Dopo un mese di negoziati, Washington ha dichiarato che i due Paesi vicini hanno «fatto un lavoro ragionevole» nel rafforzare i propri confini. Ora Trump sta valutando a quale livello fissare i dazi a partire dal 4 marzo, in alternativa all’iniziale previsione del 25%.

Il regime cinese nega ogni responsabilità nella crisi del fentanyl negli Stati Uniti. Il portavoce del ministero degli Esteri cinese, Lin Jian, ha dichiarato il 28 febbraio che l’aumento dei dazi statunitensi «viola gravemente le regole del Wto [l’Organizzazione mondiale del commercio, ndr] e danneggia gli interessi di entrambi i Paesi e del mondo». Dal 2013, la diffusione del fentanyl, una droga straordinariamente letale, ha fatto salire alle stelle il tasso di decessi per overdose da oppiacei sintetici negli Stati Uniti. Solo nel 2022, secondo il National Institute on Drug Abuse, almeno 73.838 persone nel Paese sono morte a causa di oppiacei sintetici come il fentanyl.

Il fentanyl e i suoi precursori continuano a essere spediti dalla Cina agli Stati Uniti in piccoli pacchi. Le sostanze vengono inoltre inviate in altri Paesi, come il Messico, prima che il prodotto finale venga introdotto clandestinamente negli Stati Uniti. Secondo un rapporto pubblicato nell’aprile 2024 dalla House Select Committee sul Partito comunista cinese, il regime detiene partecipazioni in alcune aziende che pubblicizzano apertamente la vendita di droghe illegali nelle Americhe e sovvenziona queste imprese.

Dal gennaio 2023, il dipartimento di Giustizia degli Stati Uniti ha incriminato diverse aziende chimiche cinesi e i loro dirigenti per traffico di fentanyl.
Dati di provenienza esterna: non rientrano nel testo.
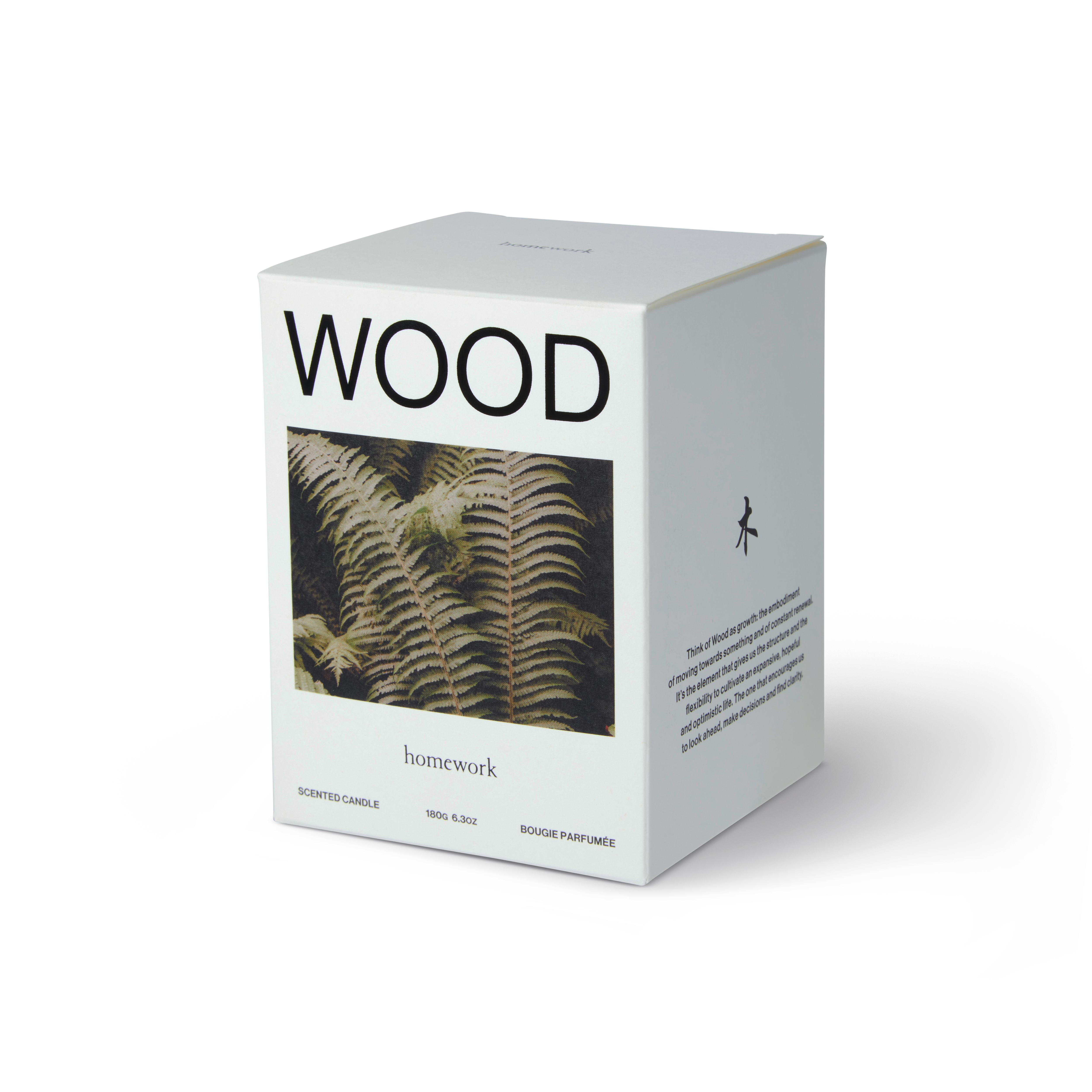 Wood Candle 180g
Due cittadini cinesi, Qingzhou Wang, 36 anni, e Yiyi Chen, 32 anni, sono stati condannati il 29 gennaio per aver venduto oltre 200 chilogrammi di precursori del fentanyl ad agenti sotto copertura delle forze dell’ordine statunitensi. Pechino ha ripetutamente affermato di sostenere Washington nella lotta al fentanyl, e di avere le «norme più severe al mondo» in materia di stupefacenti.
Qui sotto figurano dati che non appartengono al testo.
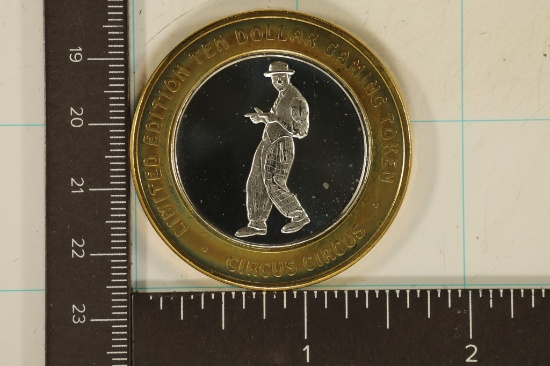CASINO $10 SILVER TOKEN (UNC) CIRCUS CIRCUS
Annunciando i nuovi dazi contro la Cina a febbraio, Trump ha respinto le dichiarazioni pubbliche di Pechino, affermando che il regime comunista, con la sua «rete di sorveglianza interna più sofisticata», il suo «sistema di sicurezza esteso» e la repressione sistematica dei dissidenti politici anche al di fuori della Cina, dimostra di «non mancare della capacità di frenare l’epidemia globale di oppiacei illeciti»  ma semplicemente «della volontà di farlo».